La hache de guerre n’est pas encore enterrée entre l’Arménie et l’Azerbaïdjan. Les deux pays se sont accusés mutuellement mardi 13 février d’avoir procédé à des tirs à la frontière, un incident qui a fait au moins quatre morts parmi les soldats arméniens selon Erevan.
Mardi matin, « les tirs des forces armées azerbaïdjanaises en direction des positions de combat arméniennes près de Nerkin Hand (dans le sud-est de l’Arménie, NDLR) ont fait quatre morts au combat et un blessé du côté arménien », a indiqué le ministère arménien de la Défense dans un communiqué.
Un précédent bilan donné par Erevan faisait état de deux militaires tués dans cet accrochage frontalier.

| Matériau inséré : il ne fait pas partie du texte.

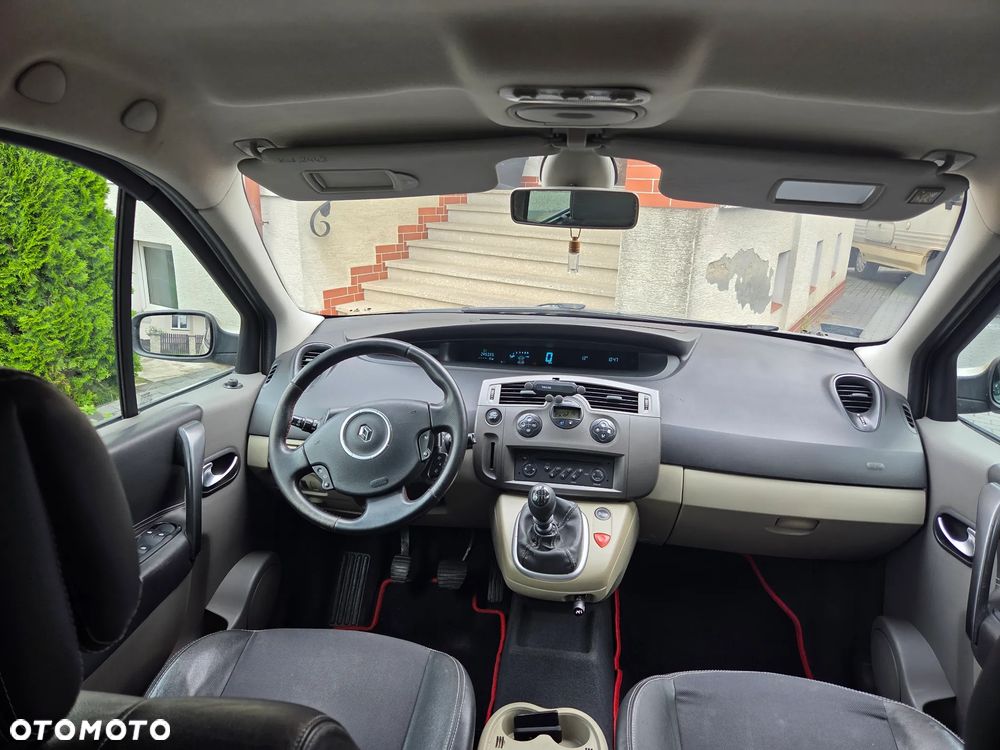 Renault Scenic - 9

De son côté, le Service azerbaïdjanais des gardes-frontières a affirmé que l’armée azerbaïdjanaise avait mené une « opération de vengeance » en réponse à une « provocation » des forces arméniennes commise lundi soir selon Bakou et ayant blessé un soldat azerbaïdjanais.
Le Kremlin appelle « à la retenue »
Selon un communiqué du ministère azerbaïdjanais de la Défense, les forces arméniennes ont tiré à deux reprises lundi soir sur ses positions « en direction du village de Kokhanabi, dans la région de Tovouz » (nord-ouest de l’Azerbaïdjan).
À l’issue de l’opération mardi, « le poste militaire d’où provenaient ces tirs (…) a été entièrement détruit », a assuré le Service azerbaïdjanais des gardes-frontières, promettant une « riposte encore plus sévère et résolue » à « chaque provocation » à la frontière entre l’Arménie et l’Azerbaïdjan.
Le ministère arménien de la Défense a de son côté rejeté ces accusations en affirmant qu’elles « ne correspondent pas à la réalité ».
Le Kremlin a lui appelé « les deux parties à la retenue ».
Cet incident survient quelques jours après la réélection à la tête de l’Azerbaïdjan d’Ilham Aliev, au pouvoir depuis deux décennies dans ce pays riche en hydrocarbures.
L’homme fort de Bakou, âgé de 62 ans, surfe sur sa victoire militaire contre les séparatistes arméniens du Haut-Karabakh en septembre 2023, qui a mis fin à trois décennies de sécessionnisme marquées par deux guerres.
En septembre 2023, l’armée azerbaïdjanaise, à la faveur d’une offensive éclair, a pris entièrement le contrôle de cette enclave montagneuse qui était dirigée par des séparatistes arméniens depuis des décennies, poussant à la fuite vers l’Arménie de dizaines de milliers d’habitants.
Équilibre précaire
Le président azerbaïdjanais est cependant suspecté par Erevan d’avoir d’autres ambitions territoriales : le contrôle de la région arménienne de Siounik pour relier l’enclave azerbaïdjanaise du Nakhitchevan au reste de l’Azerbaïdjan.
Dans cette optique, l’Arménie a rejoint officiellement fin janvier la Cour pénale internationale, qui mène des enquêtes et juge les personnes accusées des crimes les plus graves qui touchent l’ensemble de la communauté internationale.
L’Azerbaïdjan nie de son côté toute volonté d’expansion territoriale.
Mais l’équilibre reste fragile entre les deux voisins ennemis du Caucase : des incidents armés comme celui de mardi ont toujours régulièrement lieu à la frontière. De quoi pousser de nombreux observateurs avisés à rester prudents sur l’avancée des négociations entre Bakou et Erevan, tant les désaccords et sources de tensions entre les deux pays se sont accumulés en trente ans.
Ces derniers mois, plusieurs cycles de négociations chapeautées séparément par l’Union européenne, les États-Unis et la Russie – allié traditionnel de l’Arménie – n’ont pas donné de résultats.
Fin janvier, le Premier ministre arménien Nikol Pachinian avait affirmé avoir proposé à l’Azerbaïdjan de signer un « pacte de non-agression », dans l’attente d’un traité de paix, quelques semaines après que son homologue azerbaïdjanais, Ilham Aliev, avait assuré ne pas vouloir d’une « nouvelle guerre ».
Début décembre 2023, les deux pays s’étaient engagés à prendre des « mesures concrètes » pour « normaliser » leurs liens. Moins d’une semaine plus tard, ils échangeaient des prisonniers de guerre.